Records for the task:

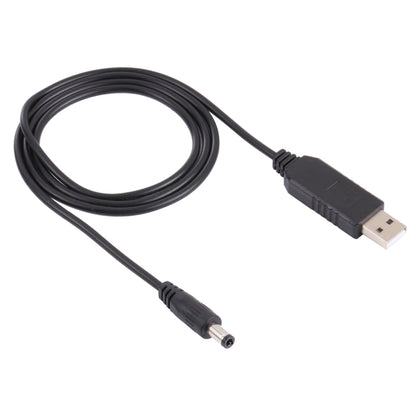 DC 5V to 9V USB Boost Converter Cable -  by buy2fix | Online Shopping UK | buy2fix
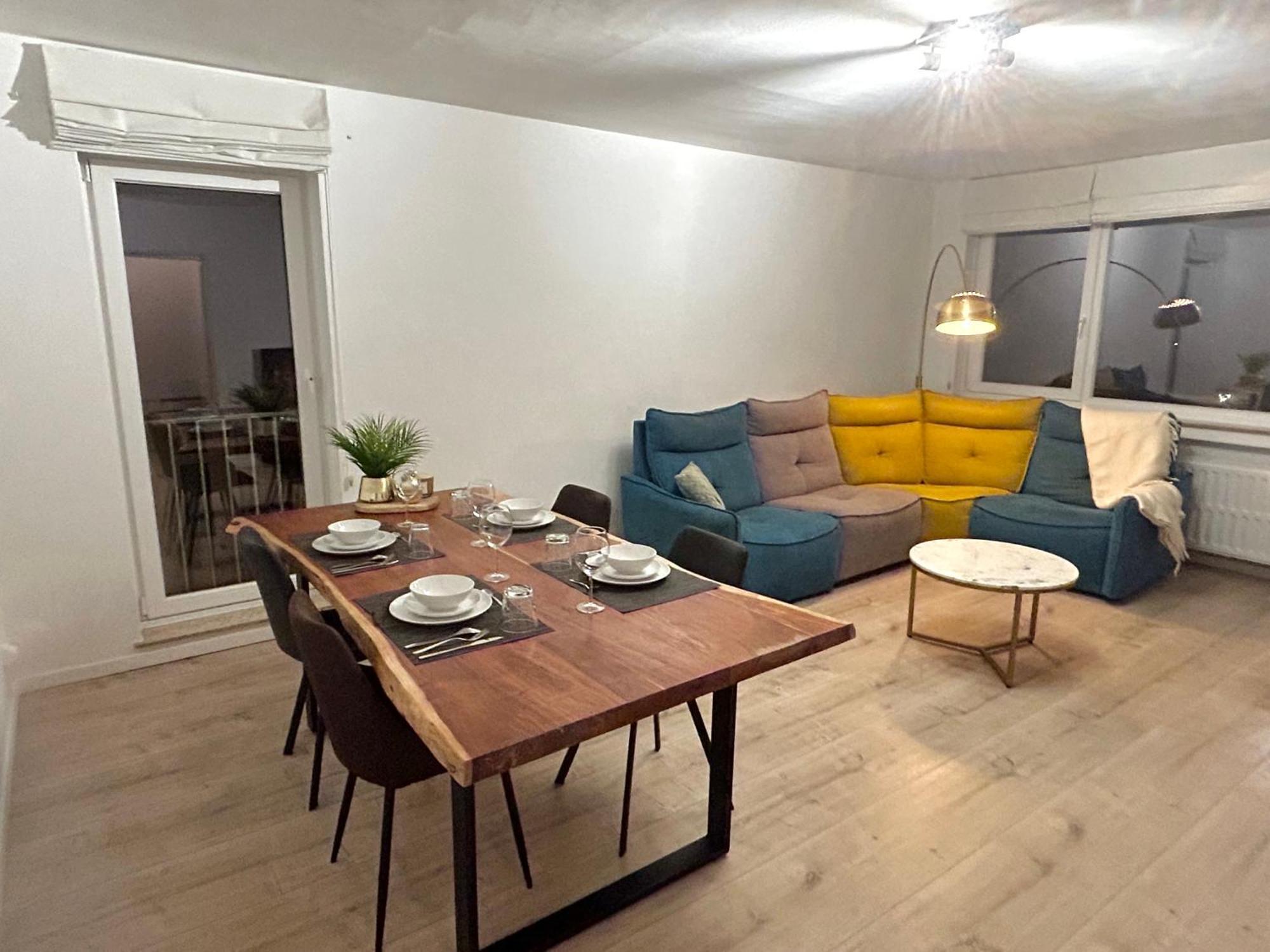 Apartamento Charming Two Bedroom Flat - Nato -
...
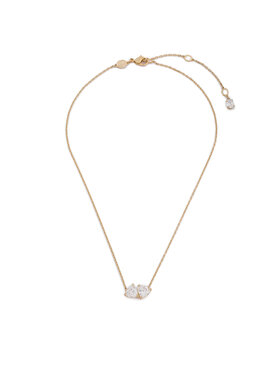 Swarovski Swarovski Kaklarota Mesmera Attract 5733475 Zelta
---
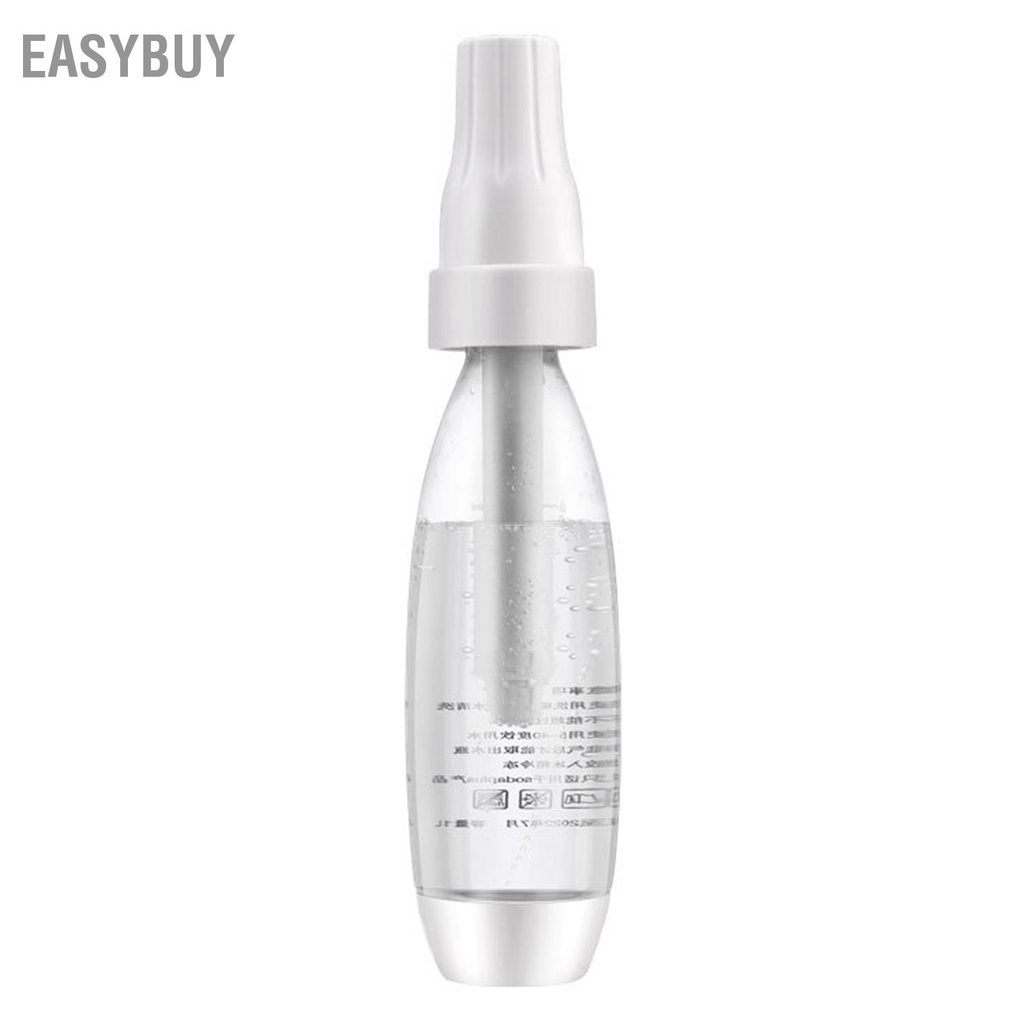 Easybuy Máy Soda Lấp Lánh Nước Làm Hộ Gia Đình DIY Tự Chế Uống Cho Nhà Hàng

Task to carry out:
Write back the stretch of lines above that begins with the line holding "DC 5V to 9V" and ends with the line holding "Apartamento Charming Two", both included, exactly as written. Pictures stay out.

Task response:
 DC 5V to 9V USB Boost Converter Cable -  by buy2fix | Online Shopping UK | buy2fix
 Apartamento Charming Two Bedroom Flat - Nato -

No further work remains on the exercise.